しかも映像系のメディアアート作品を発信できる駅ですからね。
ここまで振りきった駅って他にない気がします。

主要駅がどんどんリニューアルしていることは知っていましたし、大阪・関西万博の会場へのアクセス駅にもなるので、声をかけてもらったこと自体が光栄でした。
万博会場のパビリオンよりも作品を見てもらえそうですしね。(笑)

Q. すぐに企画は思いつきましたか?

そうですね、割とすぐに企画の概要は頭の中に浮かんでいましたね。

まず、映像コンテンツの企画提案を始めるなかで、どういった仕掛けをするとホームにいる方々に届くのかということを考えたんですよね。
というのも、綺麗な映像を作って上映しても、すぐに風景というか、壁の一部になってしまうんじゃないかと。
商業施設とかでも空間演出みたいな綺麗な映像って、なぜか印象に残らないじゃないですか。
例えば、ここに来るまでの道中の映像って何か記憶にありますかって話ですよ。

あと、最近はスマホで映像を見ることって増えてますけど、それってただ映像コンテンツだけを抜き出して消費しているだけで、鑑賞体験ではないんですよね。
スマホと目が直結していて、間に何も介在しないっていう状態が。
もちろん僕もスマホとかで見たりしますけど、映画館で映画を見ると、景色や匂い、周囲の会話、雑音などが混じるので、それで初めて「体験」してるといえるんじゃないですかね。
そうした良い意味での雑味みたいなものがあると、「体験」になって身体で感じて記憶にも残るというか。

なので、「視聴」から「体験」になるにはどうしたら良いのかを考えました。
だから、LEDビジョンに綺麗な映像を流すだけというのはやめようと最初に決めました。

そう決めたらすぐに「アーティストたちと接点を持てるLEDビジョンにしよう」と浮かんできたんですよね。
ビジネスのことだけを考えたら、うちのチームで映像作品を制作していくのが一番良いんですけどね。(笑)

それよりも、ここで偶然映像を見かけた方がアーティストを知ったりすることの方がよっぽど「鑑賞体験」になる気がしたんですよね。
そしたら「大阪メトロに乗って展覧会とか見に行けたらいいし、大阪や関西圏のアーティストと繋がれる場がいいな。」ってなって。
さらにメディアアート系のアーティストの映像作品だけじゃなくて、美術作家のコンセプトムービーとかもあれば面白いなあと。

各LEDビジョンの右端にキャプションを用意しているんですけど、これこそ「作品です」と象徴しているものだと思ってます。
全面映像でも面白いんですけど、このキャプションがあることで通りすがりの人が「綺麗な映像」から「映像作品」に意識化されるような気がしています。
知らんけど。(笑)

一部をキャプションにすることで、そこからインタビュー記事や動画、VRミュージアムにアクセスできるようにしようと企画が発展していきました。
弁天町駅のLEDビジョンで終わるのではなく、その奥があるというか、入り口になるようなイメージですね。
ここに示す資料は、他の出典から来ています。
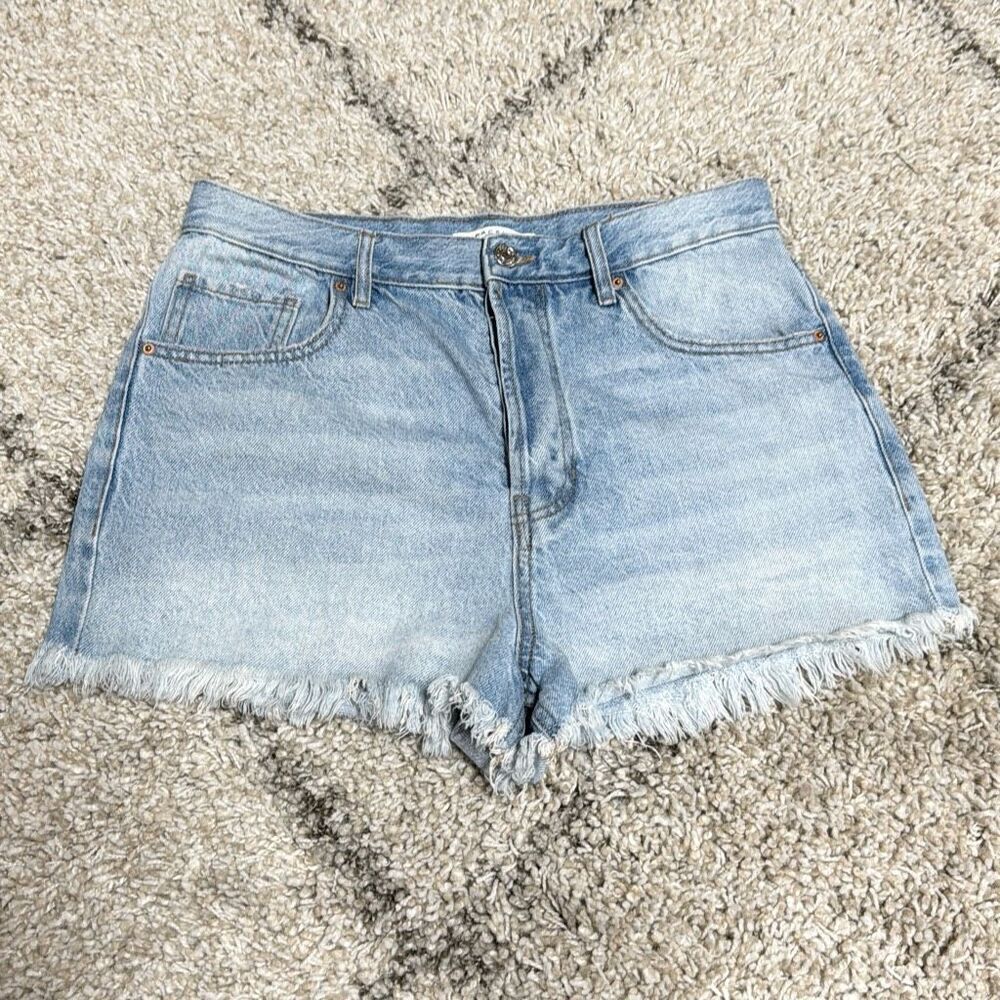 PacSun Vintage High Rise Button Fly Frayed Denim Shorts Size 30 - Picture 2 of 7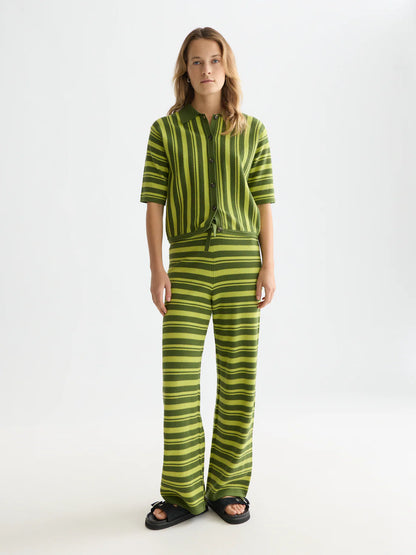 Textured Vertical Stripe Knitted Top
その頃に第一弾作家でもある岡本啓さんと展覧会の準備をしていたので、すぐにアイディアを伝えたら「さすがっすね!」と言ってもらえたんで、なんか自信になりましたよ。(笑)

大阪メトロさんにも「大阪に縁のあるアーティストとの出会いの場を創出します」ってプレゼンしました。
コンテンツの提案がくると思ったらプロジェクトの提案がきたので、初めは戸惑われたかもしれませんが、それでも企画というか考えてることを尊重してもらっているような印象を受けました。
初めは片側のホームに設置している5面のLEDビジョンのうち4面を映像作品、1面をキャプションで考えていたのですけども、「そういったコンセプトなら全てのLEDビジョンにキャプションをつけた方がいいのでは」と反対に提案くださったんですよね。
アーティストとの接点も大切にするために、現在の形になっています。
お陰様で、ここまで紆余曲折なく、スムーズに上映開始まで迎えられています。


Q. 初めて見た時の印象は?

初めて全面的に映像が上映された時はけっこう感動しましたよ。
プロジェクターとかと違ってモノ自体が発光しているし、パソコンとか作業モニターと違ってでかいし。
それも終電後に見せてもらったので、作業員の方々くらいしかいなくて贅沢な時間でしたね。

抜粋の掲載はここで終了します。